- WHAT THE TASK REQUIRES -
Give back exactly the lines of the data below, starting with the line that has "Arshiner Girls Pajamas" and going on through the line that has "Front view of".

- DATA PROVIDED -
☆ ☆ ☆

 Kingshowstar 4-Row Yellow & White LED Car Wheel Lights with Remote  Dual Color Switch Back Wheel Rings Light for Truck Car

☆ ☆ ☆

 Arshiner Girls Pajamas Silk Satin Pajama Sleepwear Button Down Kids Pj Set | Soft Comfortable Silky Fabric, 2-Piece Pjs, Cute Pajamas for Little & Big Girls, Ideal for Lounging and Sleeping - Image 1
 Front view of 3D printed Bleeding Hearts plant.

☆ ☆ ☆

- OUTPUT FOR THIS TASK -
 Arshiner Girls Pajamas Silk Satin Pajama Sleepwear Button Down Kids Pj Set | Soft Comfortable Silky Fabric, 2-Piece Pjs, Cute Pajamas for Little & Big Girls, Ideal for Lounging and Sleeping - Image 1
 Front view of 3D printed Bleeding Hearts plant.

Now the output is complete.